> What you have to do
Output the data unchanged and complete, minus the images.

> Dataset extract

______

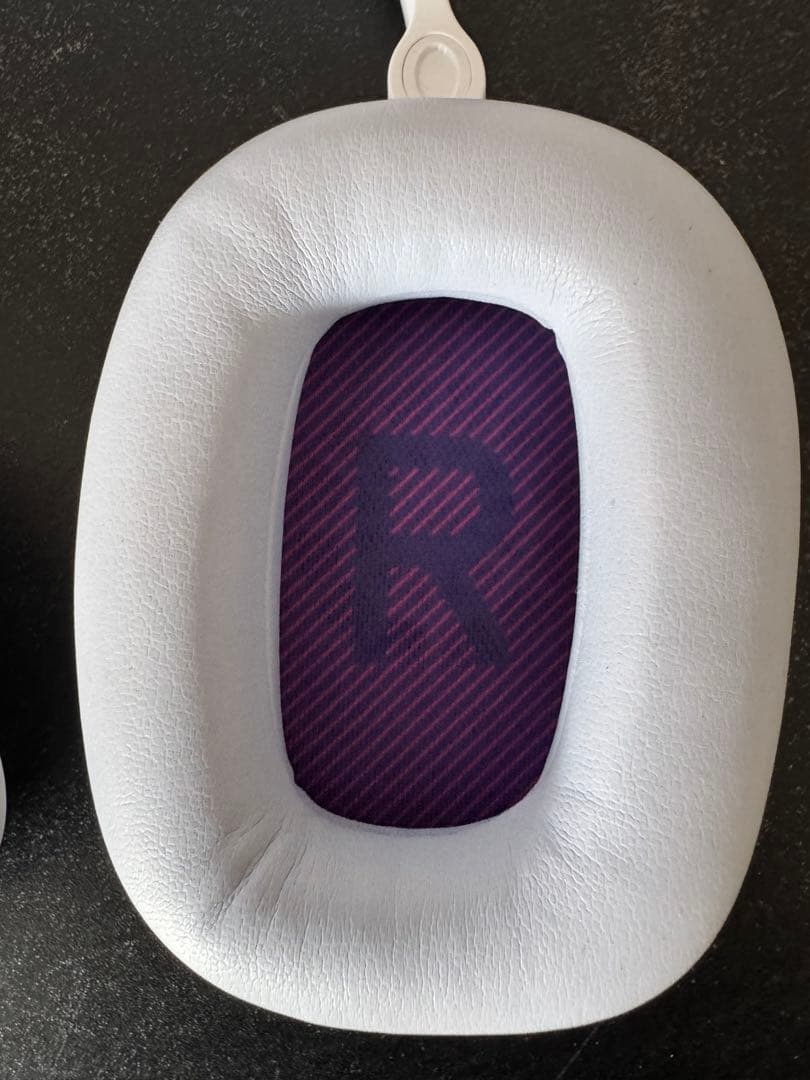 A30 ワイヤレスヘッドセット ホワイト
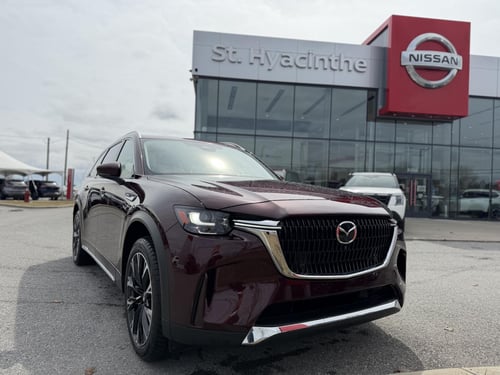 Mazda CX-90 GT PHEV 2025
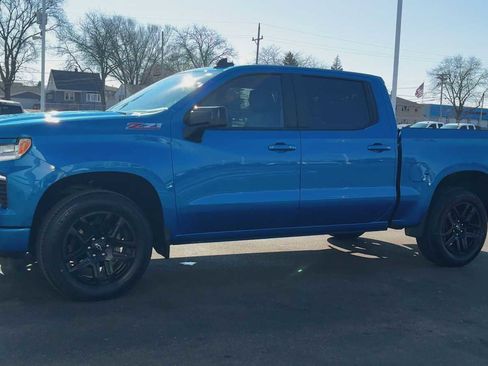 Certified 2023 Chevrolet Silverado 1500 RST image 6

______

> Exercise answer
 A30 ワイヤレスヘッドセット ホワイト
 Mazda CX-90 GT PHEV 2025
 Certified 2023 Chevrolet Silverado 1500 RST image 6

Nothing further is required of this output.